> _Records for processing_:
● ● ● ●

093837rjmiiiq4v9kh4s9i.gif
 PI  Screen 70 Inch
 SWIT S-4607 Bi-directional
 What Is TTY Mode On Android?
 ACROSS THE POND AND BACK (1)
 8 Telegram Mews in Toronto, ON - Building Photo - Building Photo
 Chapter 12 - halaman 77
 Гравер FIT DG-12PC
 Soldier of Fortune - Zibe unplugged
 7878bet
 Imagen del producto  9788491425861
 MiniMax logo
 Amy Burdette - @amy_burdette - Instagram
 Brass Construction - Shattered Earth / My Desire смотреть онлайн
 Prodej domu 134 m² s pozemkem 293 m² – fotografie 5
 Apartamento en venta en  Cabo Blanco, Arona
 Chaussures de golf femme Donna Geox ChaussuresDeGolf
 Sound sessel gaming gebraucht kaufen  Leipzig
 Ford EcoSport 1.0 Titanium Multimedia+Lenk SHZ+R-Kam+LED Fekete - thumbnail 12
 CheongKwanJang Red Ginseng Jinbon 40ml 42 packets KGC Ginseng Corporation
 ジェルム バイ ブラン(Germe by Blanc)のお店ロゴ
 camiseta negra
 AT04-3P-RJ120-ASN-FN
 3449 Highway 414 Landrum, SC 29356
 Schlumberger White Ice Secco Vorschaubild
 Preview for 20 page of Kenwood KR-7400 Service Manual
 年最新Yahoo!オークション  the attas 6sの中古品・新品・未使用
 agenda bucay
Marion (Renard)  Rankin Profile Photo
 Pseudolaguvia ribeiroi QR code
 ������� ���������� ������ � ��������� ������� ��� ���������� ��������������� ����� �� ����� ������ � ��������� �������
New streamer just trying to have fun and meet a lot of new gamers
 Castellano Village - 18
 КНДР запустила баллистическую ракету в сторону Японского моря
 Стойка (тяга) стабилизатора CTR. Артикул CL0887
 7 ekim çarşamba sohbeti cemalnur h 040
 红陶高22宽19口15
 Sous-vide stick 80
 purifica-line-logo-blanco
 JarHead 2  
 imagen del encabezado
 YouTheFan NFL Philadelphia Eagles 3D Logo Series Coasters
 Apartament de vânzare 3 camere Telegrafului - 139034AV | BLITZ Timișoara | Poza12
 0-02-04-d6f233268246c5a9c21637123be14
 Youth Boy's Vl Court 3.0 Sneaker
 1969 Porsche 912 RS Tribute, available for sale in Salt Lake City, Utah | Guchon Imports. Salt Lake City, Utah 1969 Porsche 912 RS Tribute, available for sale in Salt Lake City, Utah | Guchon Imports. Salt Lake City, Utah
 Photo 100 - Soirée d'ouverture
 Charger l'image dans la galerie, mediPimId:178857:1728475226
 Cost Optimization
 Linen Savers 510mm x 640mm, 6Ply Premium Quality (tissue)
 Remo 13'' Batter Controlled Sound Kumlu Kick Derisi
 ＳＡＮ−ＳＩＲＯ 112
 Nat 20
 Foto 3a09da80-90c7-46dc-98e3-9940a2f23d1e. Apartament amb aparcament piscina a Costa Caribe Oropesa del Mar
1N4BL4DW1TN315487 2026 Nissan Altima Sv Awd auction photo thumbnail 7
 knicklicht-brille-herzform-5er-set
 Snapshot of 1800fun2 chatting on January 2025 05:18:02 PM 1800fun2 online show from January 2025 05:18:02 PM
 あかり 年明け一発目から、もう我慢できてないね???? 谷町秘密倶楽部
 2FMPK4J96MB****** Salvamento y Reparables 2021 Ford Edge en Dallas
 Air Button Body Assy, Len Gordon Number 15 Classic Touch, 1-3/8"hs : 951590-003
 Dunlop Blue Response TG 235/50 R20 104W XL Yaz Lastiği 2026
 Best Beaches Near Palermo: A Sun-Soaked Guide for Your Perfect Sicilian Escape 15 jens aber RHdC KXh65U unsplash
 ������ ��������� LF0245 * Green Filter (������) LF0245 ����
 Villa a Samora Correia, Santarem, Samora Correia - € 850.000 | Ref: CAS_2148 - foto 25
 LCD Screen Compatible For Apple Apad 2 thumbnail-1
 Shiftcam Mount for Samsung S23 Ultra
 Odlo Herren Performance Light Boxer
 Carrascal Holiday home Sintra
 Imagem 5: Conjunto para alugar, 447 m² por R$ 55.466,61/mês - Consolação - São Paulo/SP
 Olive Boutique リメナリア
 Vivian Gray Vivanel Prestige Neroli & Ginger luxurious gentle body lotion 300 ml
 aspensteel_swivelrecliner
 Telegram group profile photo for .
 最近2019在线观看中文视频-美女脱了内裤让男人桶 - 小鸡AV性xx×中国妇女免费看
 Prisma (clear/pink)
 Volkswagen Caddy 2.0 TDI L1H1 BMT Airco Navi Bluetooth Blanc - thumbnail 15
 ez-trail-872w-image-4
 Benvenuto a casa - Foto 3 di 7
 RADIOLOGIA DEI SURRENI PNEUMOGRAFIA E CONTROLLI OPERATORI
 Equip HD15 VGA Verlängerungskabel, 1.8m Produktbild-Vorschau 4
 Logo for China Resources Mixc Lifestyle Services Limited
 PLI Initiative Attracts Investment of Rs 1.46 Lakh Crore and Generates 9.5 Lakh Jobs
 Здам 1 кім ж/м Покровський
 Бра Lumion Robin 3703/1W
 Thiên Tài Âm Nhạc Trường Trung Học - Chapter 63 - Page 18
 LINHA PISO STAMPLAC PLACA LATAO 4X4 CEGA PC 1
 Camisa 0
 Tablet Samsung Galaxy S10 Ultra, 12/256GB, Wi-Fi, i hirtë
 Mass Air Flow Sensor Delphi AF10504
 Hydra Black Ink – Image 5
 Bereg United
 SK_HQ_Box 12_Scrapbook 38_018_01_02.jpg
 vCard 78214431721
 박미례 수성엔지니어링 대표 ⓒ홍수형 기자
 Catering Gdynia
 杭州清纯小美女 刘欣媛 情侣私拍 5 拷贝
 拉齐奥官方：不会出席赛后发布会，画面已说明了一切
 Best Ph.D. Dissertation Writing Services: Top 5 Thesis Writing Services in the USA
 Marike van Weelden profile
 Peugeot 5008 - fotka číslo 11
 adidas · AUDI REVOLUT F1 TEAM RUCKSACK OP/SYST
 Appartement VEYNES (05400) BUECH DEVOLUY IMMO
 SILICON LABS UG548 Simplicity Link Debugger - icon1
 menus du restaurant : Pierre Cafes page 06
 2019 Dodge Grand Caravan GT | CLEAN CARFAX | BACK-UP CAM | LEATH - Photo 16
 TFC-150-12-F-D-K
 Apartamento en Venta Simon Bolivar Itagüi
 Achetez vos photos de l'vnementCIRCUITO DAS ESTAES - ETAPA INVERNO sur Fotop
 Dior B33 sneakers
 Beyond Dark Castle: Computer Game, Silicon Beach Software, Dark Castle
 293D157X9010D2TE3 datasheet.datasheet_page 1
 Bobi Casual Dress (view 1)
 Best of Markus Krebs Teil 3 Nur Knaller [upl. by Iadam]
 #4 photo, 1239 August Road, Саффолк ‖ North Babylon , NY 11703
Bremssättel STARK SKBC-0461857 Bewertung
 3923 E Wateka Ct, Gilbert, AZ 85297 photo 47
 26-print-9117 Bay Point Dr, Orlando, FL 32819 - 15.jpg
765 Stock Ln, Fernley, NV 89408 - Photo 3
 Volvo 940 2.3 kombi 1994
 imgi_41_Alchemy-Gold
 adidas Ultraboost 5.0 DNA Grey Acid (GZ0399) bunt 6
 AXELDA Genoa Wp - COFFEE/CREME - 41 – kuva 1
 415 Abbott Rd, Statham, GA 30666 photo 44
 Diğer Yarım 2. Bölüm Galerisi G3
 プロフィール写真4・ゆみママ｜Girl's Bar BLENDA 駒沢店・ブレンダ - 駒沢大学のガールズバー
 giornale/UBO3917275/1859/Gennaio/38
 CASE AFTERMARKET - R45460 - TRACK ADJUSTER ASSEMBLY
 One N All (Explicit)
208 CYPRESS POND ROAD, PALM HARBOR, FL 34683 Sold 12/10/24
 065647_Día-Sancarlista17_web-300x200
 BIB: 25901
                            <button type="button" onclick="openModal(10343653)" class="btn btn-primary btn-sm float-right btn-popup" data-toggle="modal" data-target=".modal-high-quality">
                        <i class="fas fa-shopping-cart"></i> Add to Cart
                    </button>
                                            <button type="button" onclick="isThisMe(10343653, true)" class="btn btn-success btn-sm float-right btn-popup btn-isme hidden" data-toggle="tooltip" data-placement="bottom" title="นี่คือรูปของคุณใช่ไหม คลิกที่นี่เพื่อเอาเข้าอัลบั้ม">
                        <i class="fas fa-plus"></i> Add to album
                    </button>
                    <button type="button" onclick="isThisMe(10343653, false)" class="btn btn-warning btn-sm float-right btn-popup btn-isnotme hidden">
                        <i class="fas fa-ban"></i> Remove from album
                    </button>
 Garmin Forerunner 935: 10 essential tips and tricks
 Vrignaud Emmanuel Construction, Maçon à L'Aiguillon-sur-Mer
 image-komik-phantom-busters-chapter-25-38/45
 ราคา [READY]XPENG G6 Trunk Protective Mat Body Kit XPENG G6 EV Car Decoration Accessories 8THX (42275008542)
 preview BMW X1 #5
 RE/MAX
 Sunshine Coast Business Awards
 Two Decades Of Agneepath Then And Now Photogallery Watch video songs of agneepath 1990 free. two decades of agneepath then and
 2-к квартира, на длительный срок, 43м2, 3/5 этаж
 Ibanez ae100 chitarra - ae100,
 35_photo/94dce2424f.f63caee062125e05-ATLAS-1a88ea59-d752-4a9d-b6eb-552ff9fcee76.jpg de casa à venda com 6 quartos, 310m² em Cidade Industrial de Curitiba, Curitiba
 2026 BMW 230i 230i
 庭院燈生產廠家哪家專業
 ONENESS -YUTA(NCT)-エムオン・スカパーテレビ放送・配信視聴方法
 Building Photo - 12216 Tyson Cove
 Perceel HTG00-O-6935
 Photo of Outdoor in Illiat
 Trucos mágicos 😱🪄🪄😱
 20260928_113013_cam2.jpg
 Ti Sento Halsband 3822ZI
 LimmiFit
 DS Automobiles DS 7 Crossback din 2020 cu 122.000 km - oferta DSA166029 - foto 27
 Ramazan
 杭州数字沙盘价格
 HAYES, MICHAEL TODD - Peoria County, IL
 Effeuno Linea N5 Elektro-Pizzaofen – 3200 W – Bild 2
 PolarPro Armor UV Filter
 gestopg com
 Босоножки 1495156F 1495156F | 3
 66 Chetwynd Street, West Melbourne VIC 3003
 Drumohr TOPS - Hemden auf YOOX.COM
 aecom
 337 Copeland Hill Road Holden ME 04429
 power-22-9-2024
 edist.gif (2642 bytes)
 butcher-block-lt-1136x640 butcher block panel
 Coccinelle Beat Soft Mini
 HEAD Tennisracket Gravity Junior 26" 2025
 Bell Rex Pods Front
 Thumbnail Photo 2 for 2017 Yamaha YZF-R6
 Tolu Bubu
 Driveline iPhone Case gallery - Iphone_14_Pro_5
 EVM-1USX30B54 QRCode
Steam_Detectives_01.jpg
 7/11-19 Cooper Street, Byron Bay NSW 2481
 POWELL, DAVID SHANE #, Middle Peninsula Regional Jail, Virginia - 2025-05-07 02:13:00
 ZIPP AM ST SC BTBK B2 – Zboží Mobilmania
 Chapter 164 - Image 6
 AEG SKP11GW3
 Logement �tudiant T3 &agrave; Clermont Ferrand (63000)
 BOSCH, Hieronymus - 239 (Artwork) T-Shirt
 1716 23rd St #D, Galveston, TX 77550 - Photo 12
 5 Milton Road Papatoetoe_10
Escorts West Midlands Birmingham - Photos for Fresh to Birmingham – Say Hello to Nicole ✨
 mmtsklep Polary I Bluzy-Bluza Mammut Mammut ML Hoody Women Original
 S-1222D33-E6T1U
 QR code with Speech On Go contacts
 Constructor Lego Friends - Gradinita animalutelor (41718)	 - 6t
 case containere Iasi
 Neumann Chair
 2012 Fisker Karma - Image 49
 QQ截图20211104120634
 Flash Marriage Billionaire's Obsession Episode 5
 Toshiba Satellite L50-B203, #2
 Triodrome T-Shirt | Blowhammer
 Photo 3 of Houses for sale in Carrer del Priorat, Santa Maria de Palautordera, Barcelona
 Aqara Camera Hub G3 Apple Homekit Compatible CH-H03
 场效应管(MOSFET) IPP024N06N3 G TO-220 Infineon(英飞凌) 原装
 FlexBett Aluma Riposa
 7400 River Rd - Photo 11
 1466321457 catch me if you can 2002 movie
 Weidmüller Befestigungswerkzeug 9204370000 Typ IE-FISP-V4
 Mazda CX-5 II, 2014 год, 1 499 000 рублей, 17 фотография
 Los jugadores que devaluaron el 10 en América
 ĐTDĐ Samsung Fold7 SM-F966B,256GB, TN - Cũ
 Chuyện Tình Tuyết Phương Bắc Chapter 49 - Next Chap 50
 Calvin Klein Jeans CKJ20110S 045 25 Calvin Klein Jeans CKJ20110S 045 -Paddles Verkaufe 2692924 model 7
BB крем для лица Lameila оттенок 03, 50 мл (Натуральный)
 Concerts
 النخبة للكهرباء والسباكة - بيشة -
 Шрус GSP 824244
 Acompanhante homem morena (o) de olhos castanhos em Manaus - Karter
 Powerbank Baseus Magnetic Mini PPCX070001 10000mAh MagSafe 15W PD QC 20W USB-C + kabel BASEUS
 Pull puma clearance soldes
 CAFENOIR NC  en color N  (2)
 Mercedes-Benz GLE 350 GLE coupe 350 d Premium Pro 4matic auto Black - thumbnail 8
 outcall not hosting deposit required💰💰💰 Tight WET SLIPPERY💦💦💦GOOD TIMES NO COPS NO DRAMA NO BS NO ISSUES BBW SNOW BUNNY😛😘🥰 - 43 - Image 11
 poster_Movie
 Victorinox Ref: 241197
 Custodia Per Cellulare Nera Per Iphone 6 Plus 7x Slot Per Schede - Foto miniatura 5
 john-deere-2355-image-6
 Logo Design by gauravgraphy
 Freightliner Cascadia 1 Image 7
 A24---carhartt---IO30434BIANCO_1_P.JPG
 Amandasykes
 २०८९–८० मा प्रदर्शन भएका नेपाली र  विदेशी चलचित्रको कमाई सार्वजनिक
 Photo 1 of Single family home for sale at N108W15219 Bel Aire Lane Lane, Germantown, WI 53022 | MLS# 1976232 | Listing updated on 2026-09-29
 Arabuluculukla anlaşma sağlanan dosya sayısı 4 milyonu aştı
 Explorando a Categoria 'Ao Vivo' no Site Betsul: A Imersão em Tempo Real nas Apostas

● ● ● ●

> _Directions for this task_:
Would you please repeat exactly the lines above, starting at the line with "Triodrome T-Shirt | Blowhammer" and stopping at the line with "Custodia Per Cellulare", both included?

> _Reply to the task_:
 Triodrome T-Shirt | Blowhammer
 Photo 3 of Houses for sale in Carrer del Priorat, Santa Maria de Palautordera, Barcelona
 Aqara Camera Hub G3 Apple Homekit Compatible CH-H03
 场效应管(MOSFET) IPP024N06N3 G TO-220 Infineon(英飞凌) 原装
 FlexBett Aluma Riposa
 7400 River Rd - Photo 11
 1466321457 catch me if you can 2002 movie
 Weidmüller Befestigungswerkzeug 9204370000 Typ IE-FISP-V4
 Mazda CX-5 II, 2014 год, 1 499 000 рублей, 17 фотография
 Los jugadores que devaluaron el 10 en América
 ĐTDĐ Samsung Fold7 SM-F966B,256GB, TN - Cũ
 Chuyện Tình Tuyết Phương Bắc Chapter 49 - Next Chap 50
 Calvin Klein Jeans CKJ20110S 045 25 Calvin Klein Jeans CKJ20110S 045 -Paddles Verkaufe 2692924 model 7
BB крем для лица Lameila оттенок 03, 50 мл (Натуральный)
 Concerts
 النخبة للكهرباء والسباكة - بيشة -
 Шрус GSP 824244
 Acompanhante homem morena (o) de olhos castanhos em Manaus - Karter
 Powerbank Baseus Magnetic Mini PPCX070001 10000mAh MagSafe 15W PD QC 20W USB-C + kabel BASEUS
 Pull puma clearance soldes
 CAFENOIR NC  en color N  (2)
 Mercedes-Benz GLE 350 GLE coupe 350 d Premium Pro 4matic auto Black - thumbnail 8
 outcall not hosting deposit required💰💰💰 Tight WET SLIPPERY💦💦💦GOOD TIMES NO COPS NO DRAMA NO BS NO ISSUES BBW SNOW BUNNY😛😘🥰 - 43 - Image 11
 poster_Movie
 Victorinox Ref: 241197
 Custodia Per Cellulare Nera Per Iphone 6 Plus 7x Slot Per Schede - Foto miniatura 5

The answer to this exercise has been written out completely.